# R9 290X or Gigabyte gaming GTX 970, 4K or 1440p ??



## shoti02 (Jan 13, 2015)

hello....in my last thread ( cat pissed on the graphic card ) i said that i would not buy a new processor ( phenom 1100 T @ 4,29 GHZ )...but now.....it was a long night much alcohol and i order new things...........

now the following parts will arrive the next days

i7-4790 K
cryorig r1 ultimate
samsung evo 850
seagate barracuda 3tb
tridentx 2400 16 gb
asus maximus hero VII

what about graphic card and monitor ?

gigabyte gamig gtx 970 or radeon 290x

monitor ? qnix qx2710 single dvi or an 4K ??

but will one of the cards handle games in 4 k ??

what ar ur thoughts ?


----------



## RCoon (Jan 13, 2015)

shoti02 said:


> hello....in my last thread ( cat pissed on the graphic card ) i said that i would not buy a new processor ( phenom 1100 T @ 4,29 GHZ )...but now.....it was a long night much alcohol and i order new things...........
> 
> now the following parts will arrive the next days
> 
> ...



A single 980 can "handle" 4K, but I use the word "handle" loosely. Performance is not the best. You'd need at least two 970's to run 4K at sensible framerates.
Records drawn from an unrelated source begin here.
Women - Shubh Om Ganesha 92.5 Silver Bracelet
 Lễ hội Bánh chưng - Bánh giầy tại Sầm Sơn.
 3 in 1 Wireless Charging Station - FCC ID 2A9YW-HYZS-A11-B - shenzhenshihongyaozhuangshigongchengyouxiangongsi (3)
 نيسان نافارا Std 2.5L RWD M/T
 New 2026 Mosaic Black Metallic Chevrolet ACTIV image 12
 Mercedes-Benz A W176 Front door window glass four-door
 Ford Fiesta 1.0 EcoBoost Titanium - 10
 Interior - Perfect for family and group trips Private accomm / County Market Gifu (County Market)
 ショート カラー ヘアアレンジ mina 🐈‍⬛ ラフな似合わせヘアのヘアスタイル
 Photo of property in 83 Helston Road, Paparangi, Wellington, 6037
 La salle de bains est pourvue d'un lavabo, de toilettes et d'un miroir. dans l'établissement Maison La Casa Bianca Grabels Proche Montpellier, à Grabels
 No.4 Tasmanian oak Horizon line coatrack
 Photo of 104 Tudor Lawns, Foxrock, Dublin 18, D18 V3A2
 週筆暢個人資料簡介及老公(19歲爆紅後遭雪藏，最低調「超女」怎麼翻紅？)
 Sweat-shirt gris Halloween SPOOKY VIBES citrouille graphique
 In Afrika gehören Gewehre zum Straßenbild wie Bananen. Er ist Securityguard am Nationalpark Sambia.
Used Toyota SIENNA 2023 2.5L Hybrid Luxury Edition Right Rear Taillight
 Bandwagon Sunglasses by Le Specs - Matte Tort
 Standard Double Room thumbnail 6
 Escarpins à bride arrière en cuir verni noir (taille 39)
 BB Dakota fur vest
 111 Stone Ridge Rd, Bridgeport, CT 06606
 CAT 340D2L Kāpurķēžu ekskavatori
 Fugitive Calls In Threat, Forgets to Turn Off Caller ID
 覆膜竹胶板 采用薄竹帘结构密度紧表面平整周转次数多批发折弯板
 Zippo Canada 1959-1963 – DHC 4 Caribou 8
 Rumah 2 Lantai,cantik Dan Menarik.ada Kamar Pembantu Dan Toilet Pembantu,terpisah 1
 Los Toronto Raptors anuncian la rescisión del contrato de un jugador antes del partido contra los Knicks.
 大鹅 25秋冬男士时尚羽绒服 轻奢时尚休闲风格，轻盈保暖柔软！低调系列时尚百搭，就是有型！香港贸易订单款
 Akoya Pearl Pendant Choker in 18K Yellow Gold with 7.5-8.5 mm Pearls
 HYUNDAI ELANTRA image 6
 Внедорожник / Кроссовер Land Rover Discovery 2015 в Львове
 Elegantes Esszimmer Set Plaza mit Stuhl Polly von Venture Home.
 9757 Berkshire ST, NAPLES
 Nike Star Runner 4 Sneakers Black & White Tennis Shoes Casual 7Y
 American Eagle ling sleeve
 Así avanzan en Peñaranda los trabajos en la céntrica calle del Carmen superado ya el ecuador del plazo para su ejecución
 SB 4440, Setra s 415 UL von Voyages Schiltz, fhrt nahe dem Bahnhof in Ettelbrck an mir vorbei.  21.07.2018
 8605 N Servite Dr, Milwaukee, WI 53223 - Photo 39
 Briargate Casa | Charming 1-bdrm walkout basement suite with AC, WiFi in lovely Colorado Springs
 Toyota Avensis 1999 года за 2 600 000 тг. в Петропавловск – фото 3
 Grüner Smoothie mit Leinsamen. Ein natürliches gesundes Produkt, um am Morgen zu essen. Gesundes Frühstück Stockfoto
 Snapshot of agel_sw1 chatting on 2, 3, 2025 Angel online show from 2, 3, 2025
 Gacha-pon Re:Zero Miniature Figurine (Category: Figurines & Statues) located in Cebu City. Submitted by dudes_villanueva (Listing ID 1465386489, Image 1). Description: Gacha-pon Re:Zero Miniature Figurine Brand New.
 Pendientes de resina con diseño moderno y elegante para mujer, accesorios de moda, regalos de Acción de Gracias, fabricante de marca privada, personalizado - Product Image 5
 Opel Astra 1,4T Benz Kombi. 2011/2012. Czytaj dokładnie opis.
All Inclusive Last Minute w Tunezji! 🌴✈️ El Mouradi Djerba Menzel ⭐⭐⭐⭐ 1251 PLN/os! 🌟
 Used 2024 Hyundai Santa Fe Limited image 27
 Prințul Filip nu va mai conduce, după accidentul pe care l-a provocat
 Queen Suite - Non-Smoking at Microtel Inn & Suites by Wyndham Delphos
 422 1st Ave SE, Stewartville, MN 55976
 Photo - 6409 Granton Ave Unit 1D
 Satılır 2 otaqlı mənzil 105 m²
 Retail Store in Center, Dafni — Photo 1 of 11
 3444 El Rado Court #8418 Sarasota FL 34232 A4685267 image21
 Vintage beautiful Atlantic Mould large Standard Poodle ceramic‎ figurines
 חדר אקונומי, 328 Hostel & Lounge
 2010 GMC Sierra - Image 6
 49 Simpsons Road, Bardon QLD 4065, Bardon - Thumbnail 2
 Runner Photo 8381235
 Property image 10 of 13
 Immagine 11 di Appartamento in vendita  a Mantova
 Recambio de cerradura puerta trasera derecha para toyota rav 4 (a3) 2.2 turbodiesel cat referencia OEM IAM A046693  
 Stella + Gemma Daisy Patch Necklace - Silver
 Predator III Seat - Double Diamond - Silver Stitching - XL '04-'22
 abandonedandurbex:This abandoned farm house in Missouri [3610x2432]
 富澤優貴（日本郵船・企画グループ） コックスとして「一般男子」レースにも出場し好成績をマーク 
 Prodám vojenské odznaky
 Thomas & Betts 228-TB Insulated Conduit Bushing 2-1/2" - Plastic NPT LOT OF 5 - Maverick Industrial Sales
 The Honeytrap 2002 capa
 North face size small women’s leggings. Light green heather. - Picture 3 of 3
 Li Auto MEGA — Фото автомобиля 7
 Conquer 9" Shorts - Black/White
I'd go for 1440 or 1600p if you want a single GPU with decent framerates.

Pour Example:


----------



## ne6togadno (Jan 13, 2015)

RCoon said:


> I'd go for 1440 or 1600p *+ gigabyte gaming 970* if you want a single GPU with decent framerates.


+1


----------



## shoti02 (Jan 13, 2015)

but i saw many reviews where the r9 290x is better in higher resolutuon then 1080p...ok its hot and seems to be louder ( never heard it ) i had no intel or nvidia since the first athlon cpu....


----------



## RCoon (Jan 13, 2015)

shoti02 said:


> but i saw many reviews where the r9 290x is better in higher resolutuon then 1080p...ok its hot and seems to be louder ( never heard it ) i had no intel or nvidia since the first athlon cpu....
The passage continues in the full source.